The Future is Wild was unable to use Dixon's original creatures as DreamWorks SKG had bought and owned the rights to After Man. DreamWorks eventually abandoned the project, and the rights were then bought by Paramount, though no potential movie adaptation has yet materialized.

=== Exhibitions ===
In 1987, an exhibition based on the book and organized by a Japanese exhibition company, featuring a number of "life"-size models of the animals featured therein, was displayed at the Denver Museum of Natural History, from 6 February to 3 May, and then at the California Academy of Sciences from 5 June to 7 September. The exhibition began with a "time tunnel", which visitors passed through before being met by several dioramas featuring the speculative future animals, including two full-size animatronic figures produced by Dinamation. According to spokespeople from both museums, the exhibition garnered positive reactions from visitors. The exhibition also included illustrations Dixon had previously made of a possible future evolutionary path of humanity, previously published under the title Visions of Man Evolved in Omni in 1982. Prior to this, a limited version of the exhibition (featuring 8 models rather than the 19 dioramas featured in the 1987 version) had been at the Newquay Zoo in Cornwall in 1983, in Japan in 1984 and in various locations within the United States from 1985 to 1986. The exhibition was later featured at the Orlando Science Center in 1989 and the Science Museum of Western Virginia in 1992.

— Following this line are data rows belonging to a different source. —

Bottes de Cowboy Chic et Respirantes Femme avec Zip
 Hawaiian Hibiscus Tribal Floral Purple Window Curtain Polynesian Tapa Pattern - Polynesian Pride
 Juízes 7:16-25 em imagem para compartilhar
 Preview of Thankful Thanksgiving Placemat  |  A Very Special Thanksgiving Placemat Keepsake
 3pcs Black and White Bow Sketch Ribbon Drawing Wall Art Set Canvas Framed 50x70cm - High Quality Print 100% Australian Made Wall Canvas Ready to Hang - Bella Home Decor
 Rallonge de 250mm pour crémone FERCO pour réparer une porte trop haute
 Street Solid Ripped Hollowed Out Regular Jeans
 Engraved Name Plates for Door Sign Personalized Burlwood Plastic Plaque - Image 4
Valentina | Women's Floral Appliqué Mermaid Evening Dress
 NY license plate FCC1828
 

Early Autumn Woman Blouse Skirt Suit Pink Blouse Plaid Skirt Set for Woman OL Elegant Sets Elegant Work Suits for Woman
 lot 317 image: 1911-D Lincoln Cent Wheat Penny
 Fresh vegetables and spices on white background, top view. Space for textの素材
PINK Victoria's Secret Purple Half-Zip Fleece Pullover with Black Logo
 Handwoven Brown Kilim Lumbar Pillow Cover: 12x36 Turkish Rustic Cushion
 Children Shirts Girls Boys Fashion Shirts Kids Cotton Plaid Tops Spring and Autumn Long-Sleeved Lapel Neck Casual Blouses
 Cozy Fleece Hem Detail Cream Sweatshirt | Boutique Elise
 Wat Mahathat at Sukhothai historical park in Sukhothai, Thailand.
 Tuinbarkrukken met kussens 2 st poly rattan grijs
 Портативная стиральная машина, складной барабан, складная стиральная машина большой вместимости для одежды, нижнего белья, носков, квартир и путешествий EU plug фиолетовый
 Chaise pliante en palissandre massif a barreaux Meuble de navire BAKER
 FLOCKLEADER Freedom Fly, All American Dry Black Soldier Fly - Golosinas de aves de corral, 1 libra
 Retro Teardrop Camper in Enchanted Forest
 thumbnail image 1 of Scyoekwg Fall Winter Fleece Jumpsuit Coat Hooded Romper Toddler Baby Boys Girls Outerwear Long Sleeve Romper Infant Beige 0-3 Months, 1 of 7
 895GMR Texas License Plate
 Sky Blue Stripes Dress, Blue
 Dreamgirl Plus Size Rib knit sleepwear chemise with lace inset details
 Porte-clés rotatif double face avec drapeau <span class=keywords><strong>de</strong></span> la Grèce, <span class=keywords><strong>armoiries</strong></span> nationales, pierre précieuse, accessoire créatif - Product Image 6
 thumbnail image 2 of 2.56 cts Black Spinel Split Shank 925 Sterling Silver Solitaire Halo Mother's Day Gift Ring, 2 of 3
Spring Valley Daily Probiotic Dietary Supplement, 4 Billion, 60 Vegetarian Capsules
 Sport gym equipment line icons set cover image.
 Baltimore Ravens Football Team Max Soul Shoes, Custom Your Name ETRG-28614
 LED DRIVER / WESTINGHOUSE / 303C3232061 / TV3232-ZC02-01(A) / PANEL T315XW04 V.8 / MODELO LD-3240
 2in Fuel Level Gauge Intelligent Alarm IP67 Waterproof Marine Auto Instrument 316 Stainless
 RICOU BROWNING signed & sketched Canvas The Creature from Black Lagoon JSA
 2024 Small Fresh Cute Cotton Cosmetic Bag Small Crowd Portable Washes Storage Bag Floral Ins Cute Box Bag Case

A new After Man exhibition was organized at the Fukuoka City Science Museum in Fukuoka, Japan in 2021. Running from 20 November 2021 to 23 January 2022, the exhibition featured new models of animals from the book alongside animations of them in natural environments. The exhibition also featured new animals designed for the world of After Man by Dixon. The exhibition was then put up at the Nagasaki City Dinosaur Museum in Nagasaki from 26 March to 7 October 2022.